Hard lessons in dataset licensing to create commercial products: 77m v Ordnance Survey
If you are interested in database licensing, the intrigue of how complex geo-spatial based services are developed, electronic mapping and polygons, the legality of scraping, how online terms governing databases are construed, and database rights, then the recent UK decision in 77m Ltd v Ordnance Survey Ltd  EWHC 3007 (Ch) (08 November 2019) is for you.
The dispute in the case was between a start-up company 77m and Ordnance Survey (OS), the national mapping agency of Great Britain. 77m created a dataset called Matrix consisting of an up-to-date, detailed and accurate list of the geospatial coordinates of all the residential and non-residential addresses in Great Britain containing 28 million records.
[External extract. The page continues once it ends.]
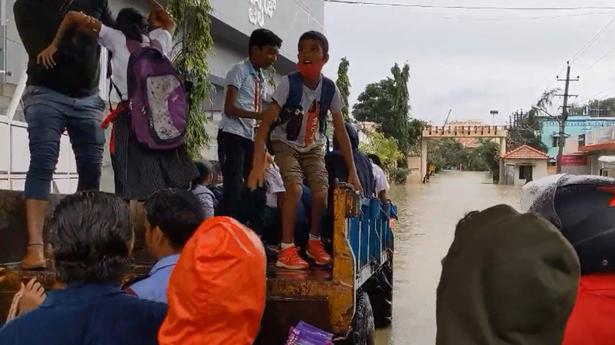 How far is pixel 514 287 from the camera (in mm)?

77m created Matrix by accessing, combining, and processing data from a wide range of datasets which were either publicly available for free or which 77m paid to access. 77m accessed over 50 million records from the various sources. At least 18 datasets from different sources were accessed. One of the sources used to create Matrix was data from Her Majesty’s Land Registry (HMLR). 77m entered into various contracts with HMLR to receive data from or have access to HMLR databases. Another source was the Registers of Scotland (RoS).
Although there was a dispute about exactly how Matrix was created (77m was found not to be forthright and even to have lied about what it did), the court described the steps as i) process address data; ii) process geospatial data; iii) link address data and geospatial data together; and iv) generate more data associated with geolocated addresses.
Matrix was developed to compete with an existing OS product called AddressBase. 77m did not contract with OS for access to AddressBase. The central question in the case was whether 77m had succeeded in legally creating Matrix without breaching any licenses used to develop it or infringing any database rights held by OS or others. The court ruled it had not.
The decision of Birss J., is a lengthy 343 paragraph decision. It goes into detail about all of the datasets accessed and how they were combined to create Matrix. He also carefully analyzed various license terms, their scope, and whether they were breached.
The summary below highlights portions of the decision focusing on the licensing issues. I also provide commentary and takeaways for practitioners engaged in licensing or using datasets to create commercial products.
The INSPIRE Download Terms
One of the license issues was whether 77m complied with online download terms to the INSPIRE polygon dataset. In electronic mapping, parcels of land are defined by polygons. An individual polygon is defined by the set of coordinates of its vertices.
HMLR offered an INSPIRE download service on the “INSPIRE Download Terms”. These terms provided a license under the Open Government Licence (OGL). The OGL enables public bodies to make their data available free of charge for reuse “for commercial or non-commercial purposes”. However, the license was subject to two exceptions, namely to:
- use the polygons (including the associated geometry, namely x,y co-ordinates) for a purpose other than personal, non-commercial use or commercial or non-commercial use within your organisation; or
- sub-license, distribute, sell or make available the polygons (including the associated geometry, namely x,y co-ordinates) to third parties.
The general license language was broad and expressly included combining the data with other information “including it in your own product or application”.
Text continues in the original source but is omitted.